Start of Data to use
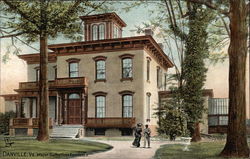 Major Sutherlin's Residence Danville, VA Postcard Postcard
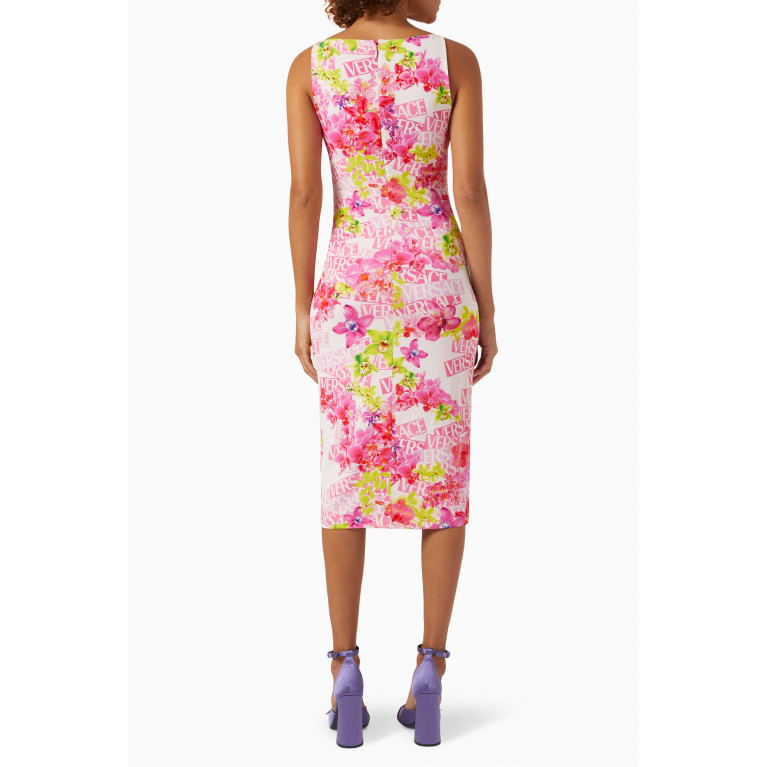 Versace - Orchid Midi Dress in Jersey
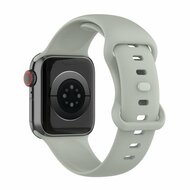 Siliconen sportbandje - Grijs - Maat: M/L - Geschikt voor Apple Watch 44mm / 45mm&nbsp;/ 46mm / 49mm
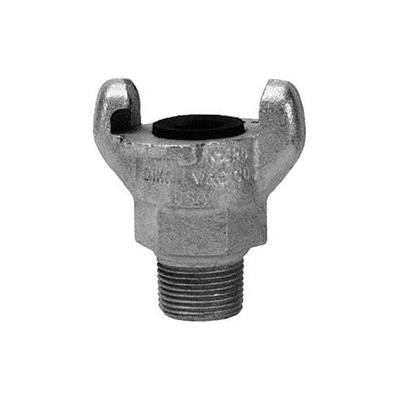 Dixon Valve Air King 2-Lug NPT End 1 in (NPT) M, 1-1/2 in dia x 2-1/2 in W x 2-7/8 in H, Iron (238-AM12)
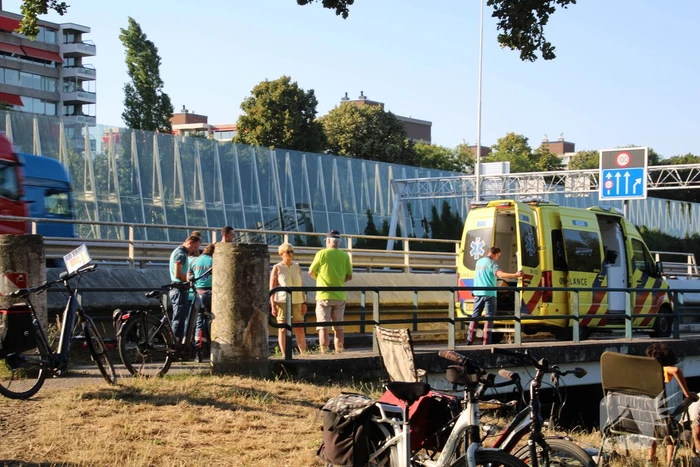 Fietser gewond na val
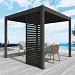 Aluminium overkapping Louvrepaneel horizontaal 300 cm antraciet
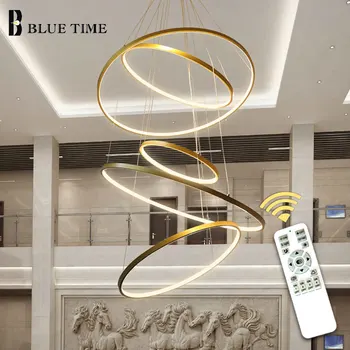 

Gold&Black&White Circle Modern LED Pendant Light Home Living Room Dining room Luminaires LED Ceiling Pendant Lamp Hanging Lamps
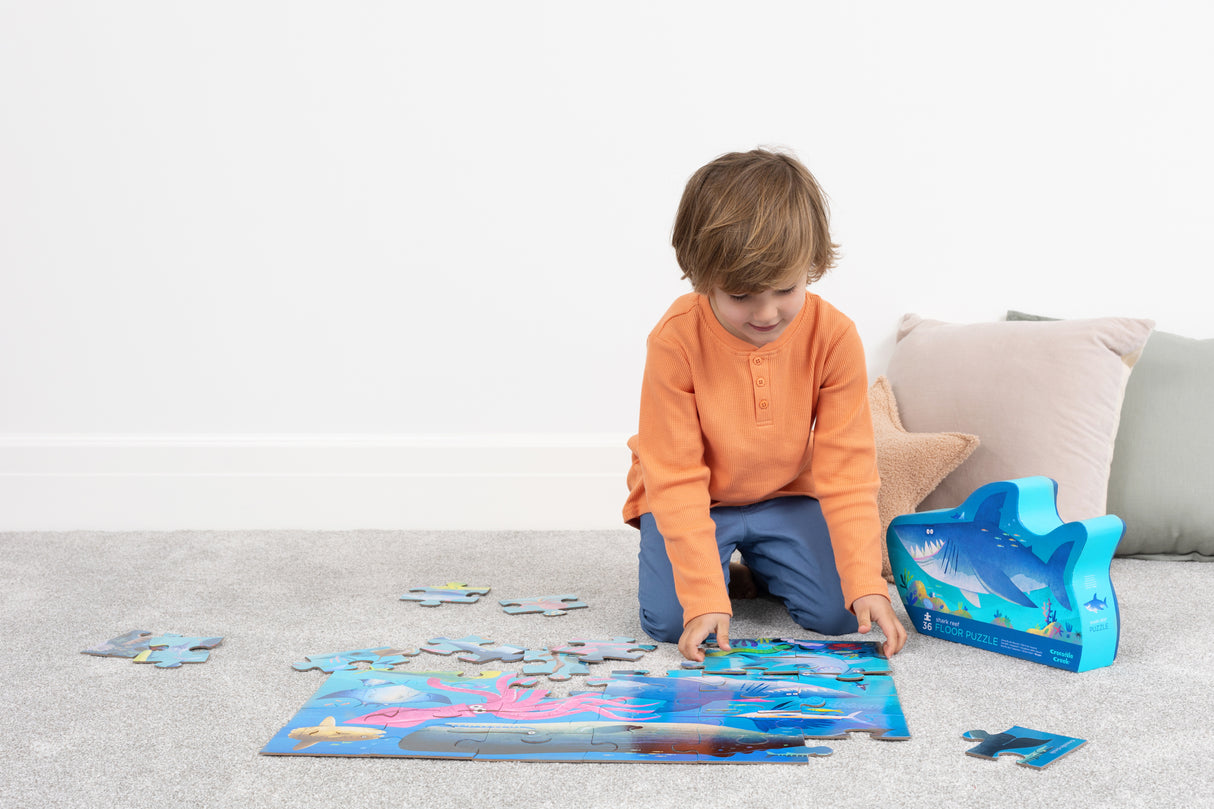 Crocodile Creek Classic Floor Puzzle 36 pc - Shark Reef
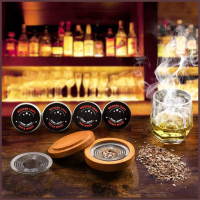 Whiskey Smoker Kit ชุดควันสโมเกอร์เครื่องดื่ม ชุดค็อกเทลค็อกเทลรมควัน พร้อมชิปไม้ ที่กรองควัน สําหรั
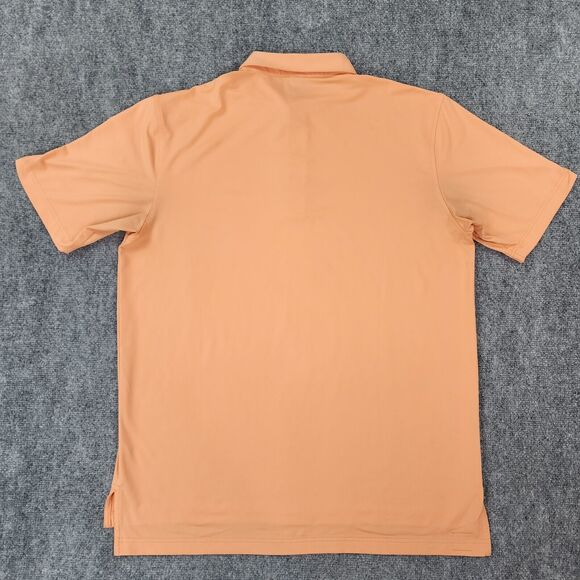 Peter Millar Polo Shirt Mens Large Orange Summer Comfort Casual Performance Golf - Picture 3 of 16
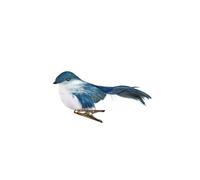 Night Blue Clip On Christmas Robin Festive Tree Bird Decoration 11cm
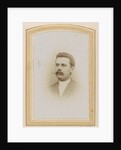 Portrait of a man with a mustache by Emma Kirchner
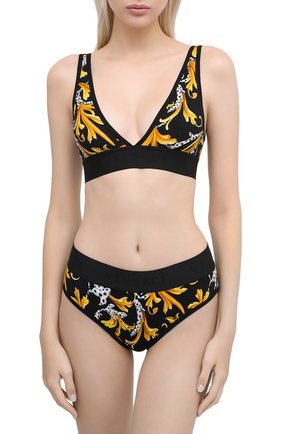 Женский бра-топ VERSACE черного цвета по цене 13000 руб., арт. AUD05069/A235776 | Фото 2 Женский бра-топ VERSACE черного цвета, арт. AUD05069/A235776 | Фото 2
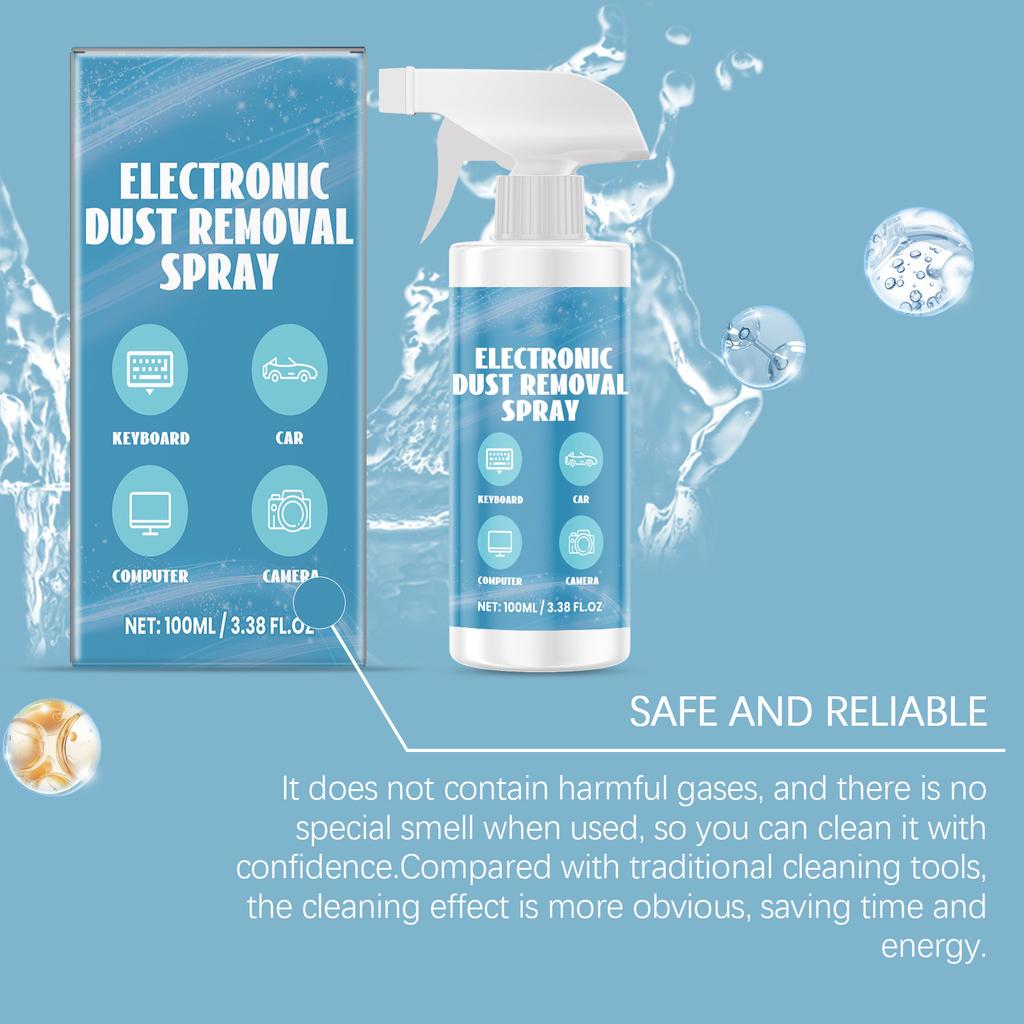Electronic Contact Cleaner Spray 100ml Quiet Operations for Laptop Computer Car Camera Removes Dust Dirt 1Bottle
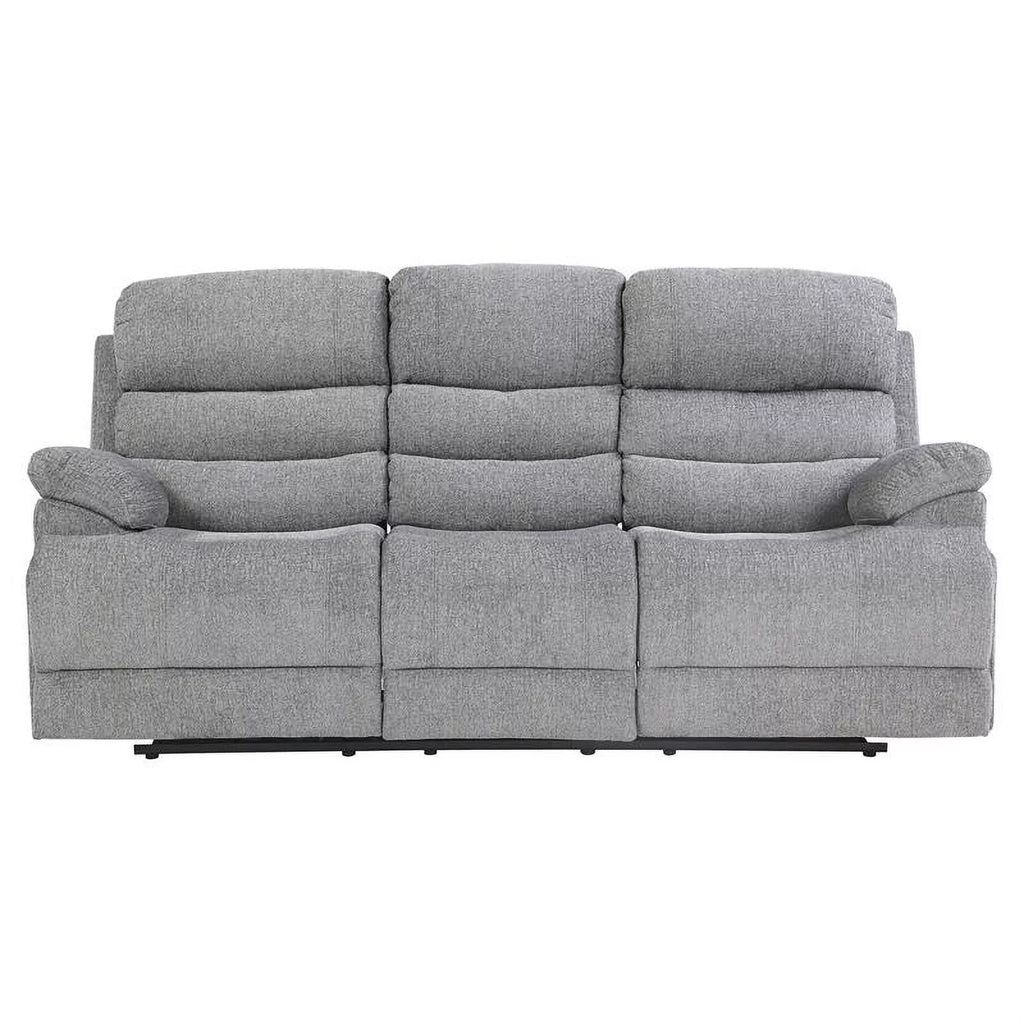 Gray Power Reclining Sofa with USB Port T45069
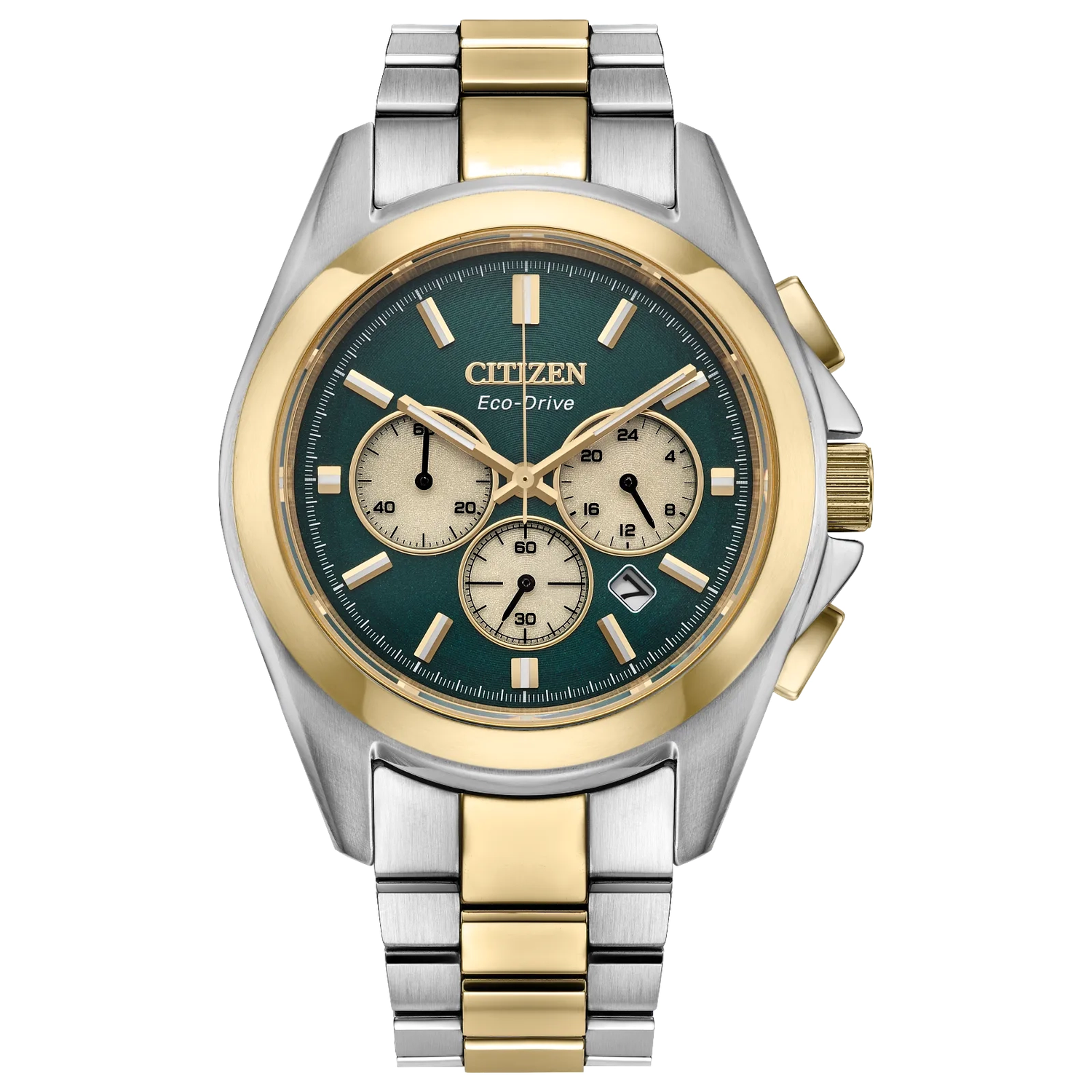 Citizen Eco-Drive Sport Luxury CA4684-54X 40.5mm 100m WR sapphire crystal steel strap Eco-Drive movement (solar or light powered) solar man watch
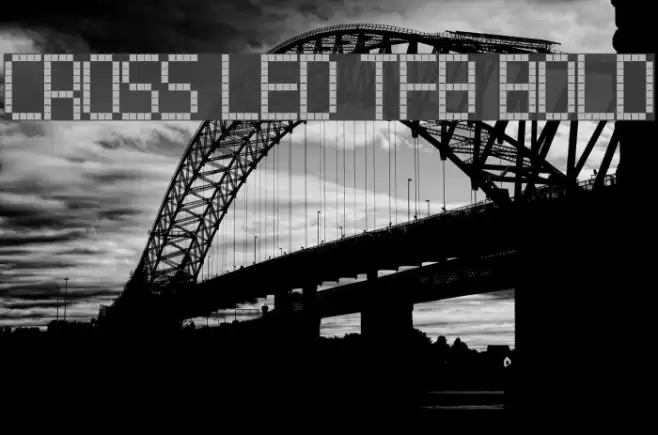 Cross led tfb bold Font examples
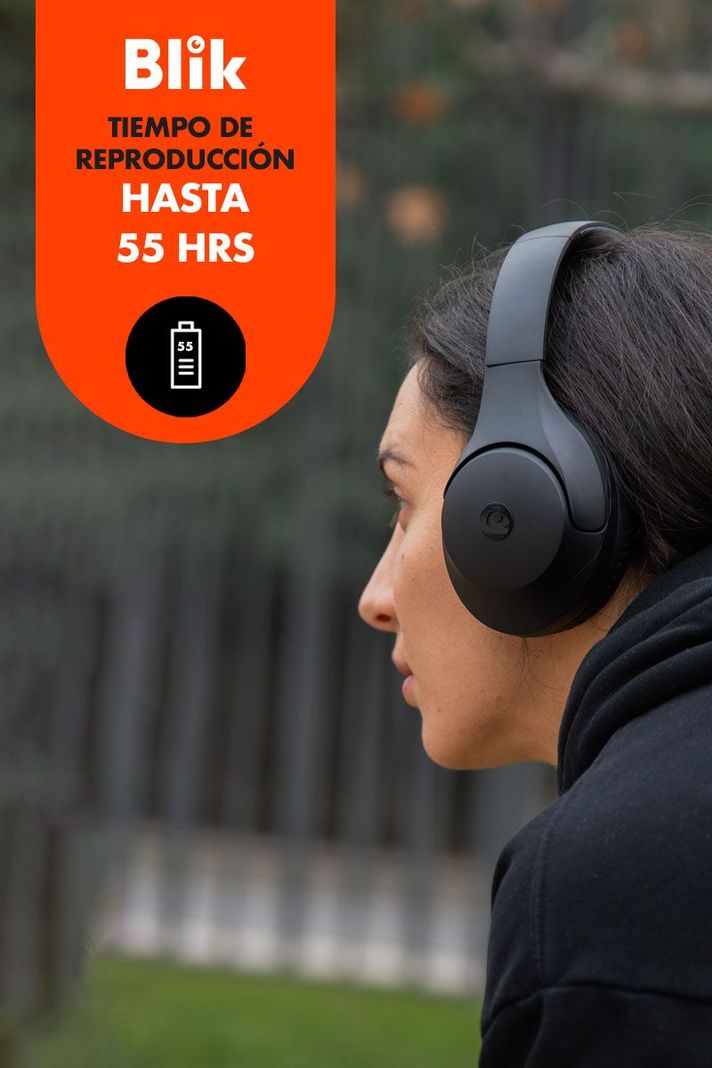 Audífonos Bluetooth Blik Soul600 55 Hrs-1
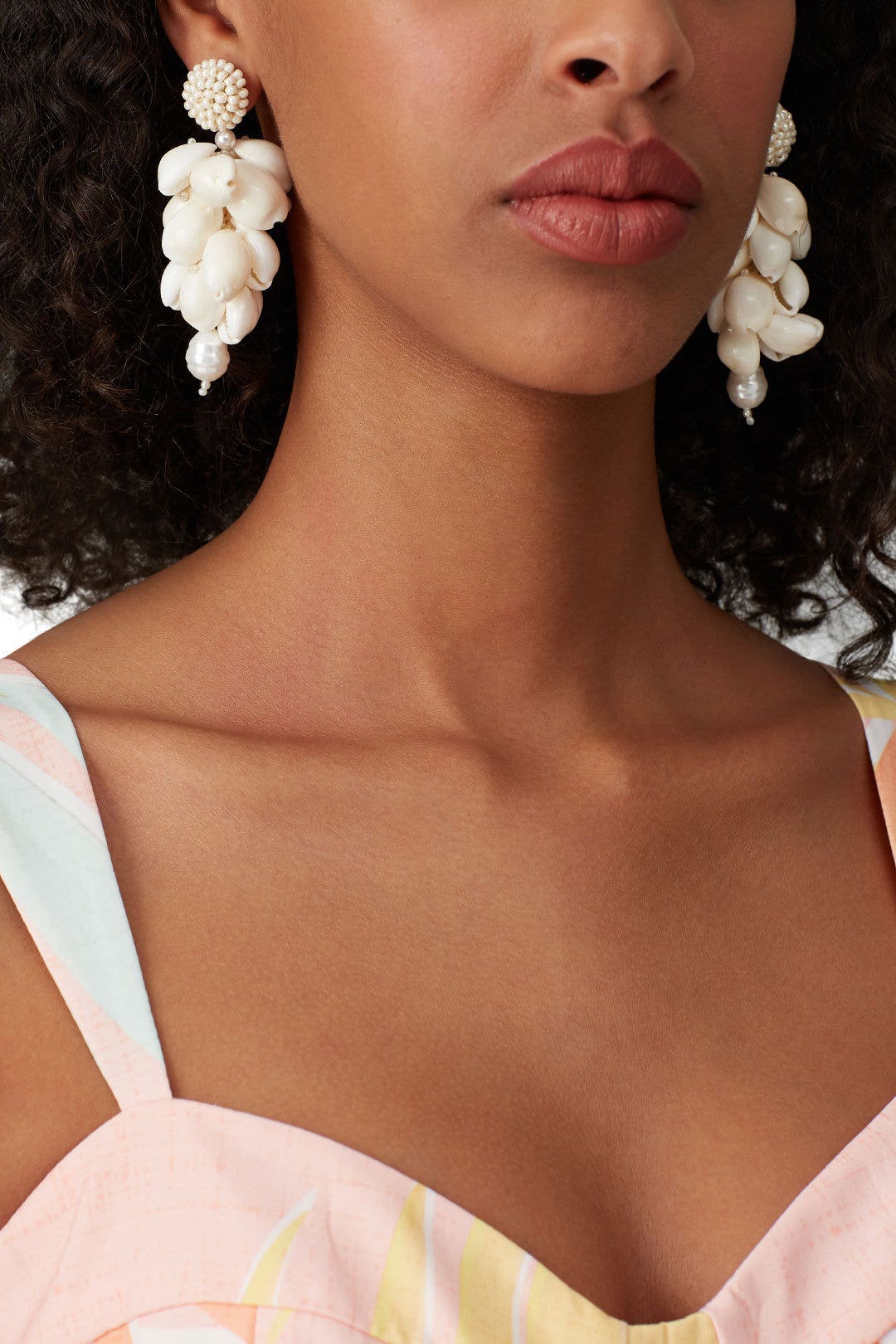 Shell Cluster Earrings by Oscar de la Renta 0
End of Data to use
**Problem details:**
Write out the entries above word for word. Do not include the pictures.

**Solution for this exercise:**
 Major Sutherlin's Residence Danville, VA Postcard Postcard
 Versace - Orchid Midi Dress in Jersey
 Siliconen sportbandje - Grijs - Maat: M/L - Geschikt voor Apple Watch 44mm / 45mm&nbsp;/ 46mm / 49mm
 Dixon Valve Air King 2-Lug NPT End 1 in (NPT) M, 1-1/2 in dia x 2-1/2 in W x 2-7/8 in H, Iron (238-AM12)
 Fietser gewond na val
 Aluminium overkapping Louvrepaneel horizontaal 300 cm antraciet

Gold&Black&White Circle Modern LED Pendant Light Home Living Room Dining room Luminaires LED Ceiling Pendant Lamp Hanging Lamps
 Crocodile Creek Classic Floor Puzzle 36 pc - Shark Reef
 Whiskey Smoker Kit ชุดควันสโมเกอร์เครื่องดื่ม ชุดค็อกเทลค็อกเทลรมควัน พร้อมชิปไม้ ที่กรองควัน สําหรั
 Peter Millar Polo Shirt Mens Large Orange Summer Comfort Casual Performance Golf - Picture 3 of 16
 Night Blue Clip On Christmas Robin Festive Tree Bird Decoration 11cm
 Portrait of a man with a mustache by Emma Kirchner
 Женский бра-топ VERSACE черного цвета по цене 13000 руб., арт. AUD05069/A235776 | Фото 2 Женский бра-топ VERSACE черного цвета, арт. AUD05069/A235776 | Фото 2
Electronic Contact Cleaner Spray 100ml Quiet Operations for Laptop Computer Car Camera Removes Dust Dirt 1Bottle
 Gray Power Reclining Sofa with USB Port T45069
 Citizen Eco-Drive Sport Luxury CA4684-54X 40.5mm 100m WR sapphire crystal steel strap Eco-Drive movement (solar or light powered) solar man watch
 Cross led tfb bold Font examples
 Audífonos Bluetooth Blik Soul600 55 Hrs-1
 Shell Cluster Earrings by Oscar de la Renta 0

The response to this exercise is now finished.